Renegade is supplying the creative lighting design by Gray, plus coordinating supply of all the technical infrastructure and hardware including lighting, sound, video, staging, set, and power. Sculptivate is looking after all the set, scenic, and dressing elements, with design by Andy Cobb. Renegade’s Jonny Gaskell recently completed the Magic Numbers UK tour with them as lighting contractor and is working with Gray.

Gray used the lighting to bring an upbeat, party atmosphere to the venue, to make it feel cosy, subtle, and elegant. Guests enter Entice through a winding hallway decorated with “icy” scenic stalactites made from white scrim, lit with 30 PARs, four Martin MAC 250s near the entrance and some egg strobes, evoking a glacial feel. They then pass into a large reception area, which has a central bar illuminated with internally mounted fluorescents, and vintage chandeliers lit with MAC 600s rigged onto a central truss. These include 12 MAC 600s, 12 Source Four profiles, and 30 PARs. Internally lit tables are dotted around the space and the walls are also up-lit with assorted PARs. The dining room is a larger space with tables, a stage, video screen upstage (supplied by XL Video), and a large white dancefloor.

One of the most striking lighting features in here are 60 vari-sized spun fibreglass Random Lights by Moooi, which are dotted around the ceiling above the tables, introducing a festive feel to the room. They are lit primarily by 14 PC Beams (seven per side) on low-level podiums down either side of the room, which blast across the Random Light line producing a light-beam roof effect.

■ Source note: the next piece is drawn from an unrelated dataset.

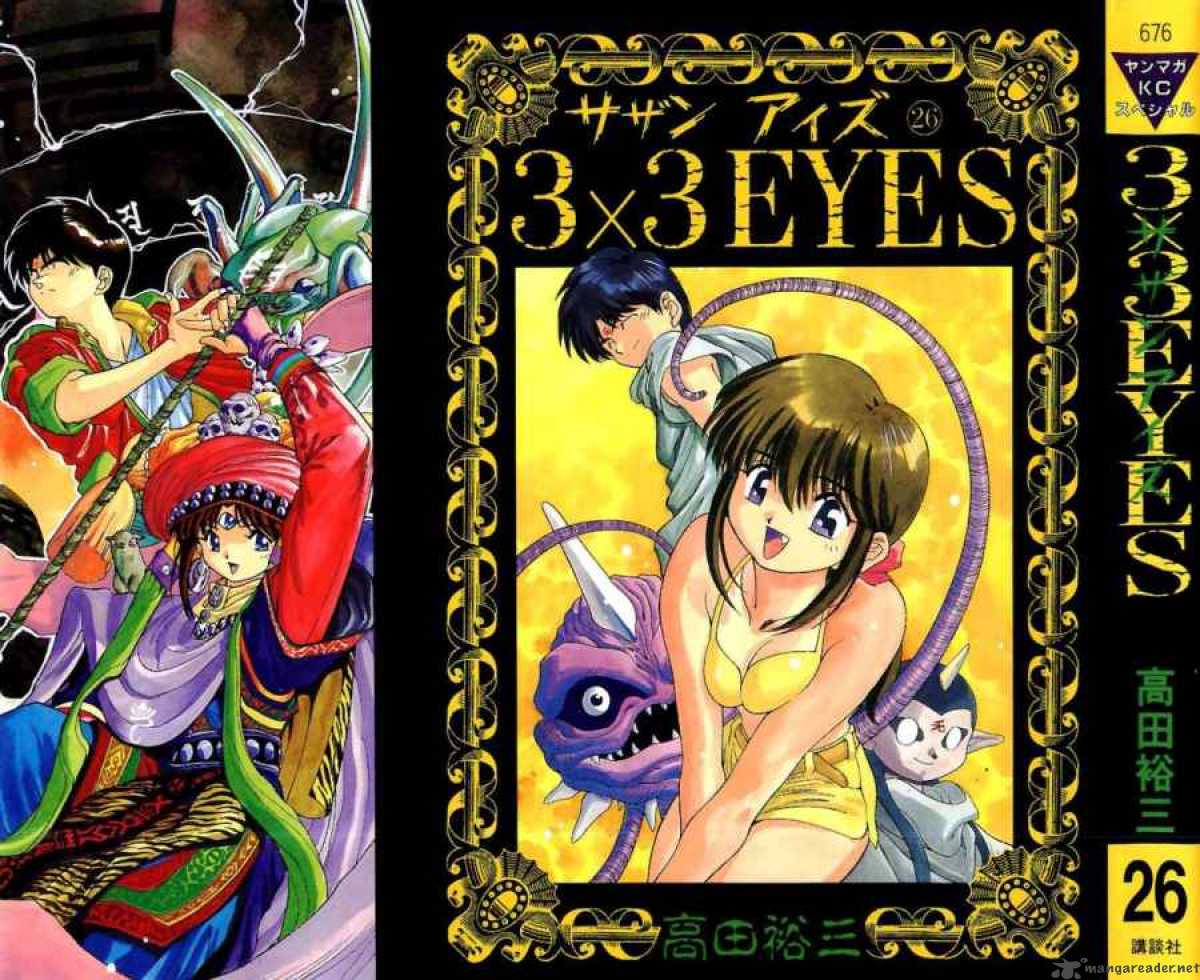 3x3 Eyes 353 3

There is also a 35 metre long central truss running down the room, containing 40 PARs for a general table and room wash, and a load of P36 pinspots to highlight the table centers, which have to be refocused daily as the table configurations vary from night to night. Two additional 17 metre trusses flank either side of the main one, loaded up with Martin 12 MAC 250 Plus’s and Mac 300s for the dancefloor.